• What you are asked to do:
Repeat word for word the lines from the one containing "Plug in Natural" to the end of the material below, and leave all pictures out.

==== Input data

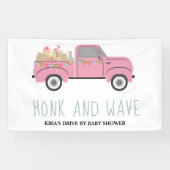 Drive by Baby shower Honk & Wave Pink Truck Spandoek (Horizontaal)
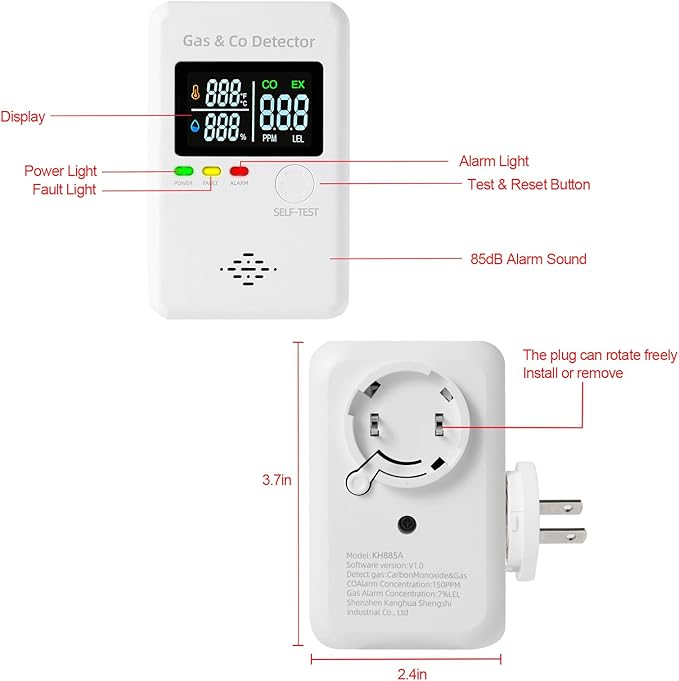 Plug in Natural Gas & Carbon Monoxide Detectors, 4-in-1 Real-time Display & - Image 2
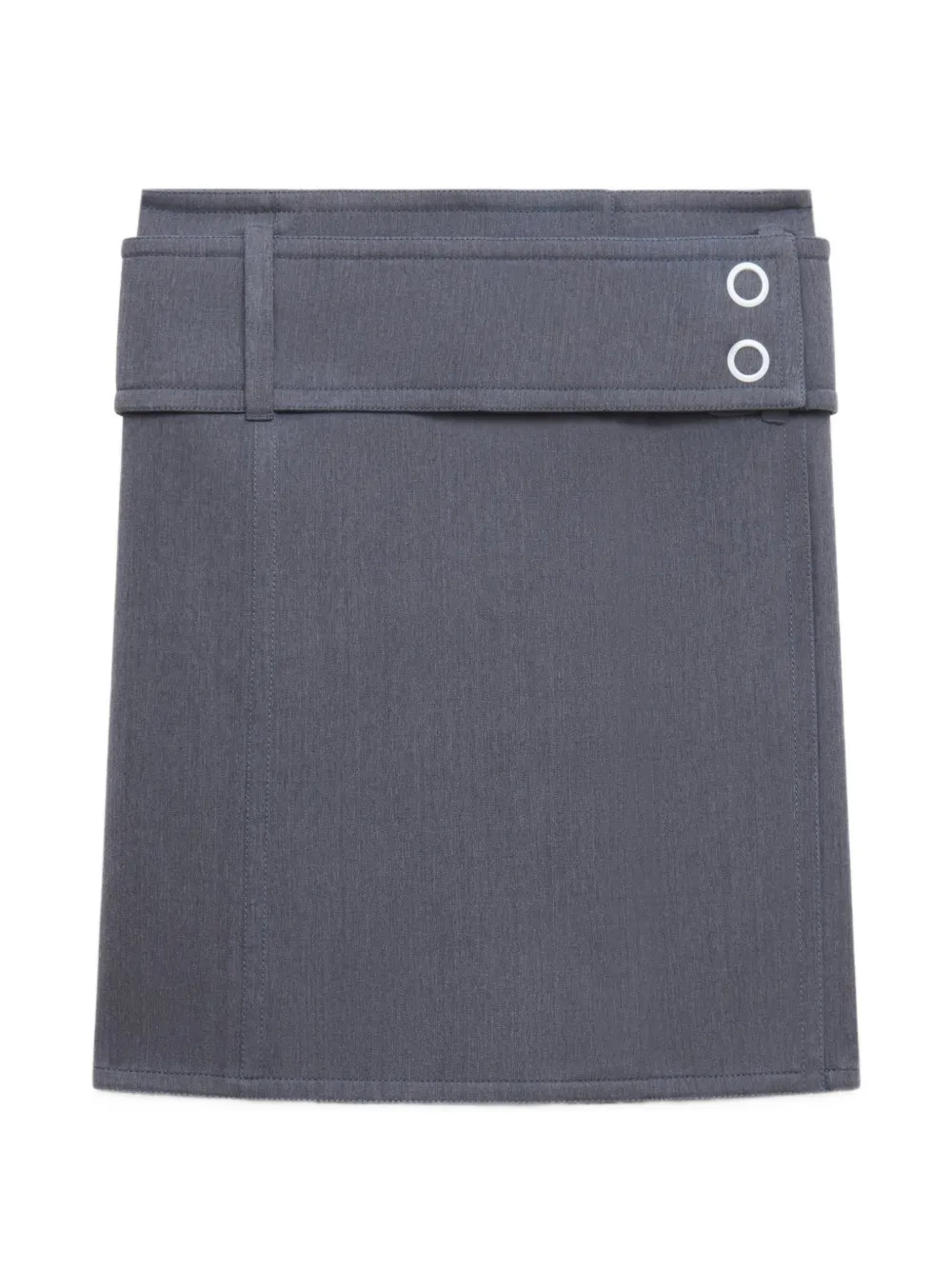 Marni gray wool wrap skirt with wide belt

========

• Finished task:
 Plug in Natural Gas & Carbon Monoxide Detectors, 4-in-1 Real-time Display & - Image 2
 Marni gray wool wrap skirt with wide belt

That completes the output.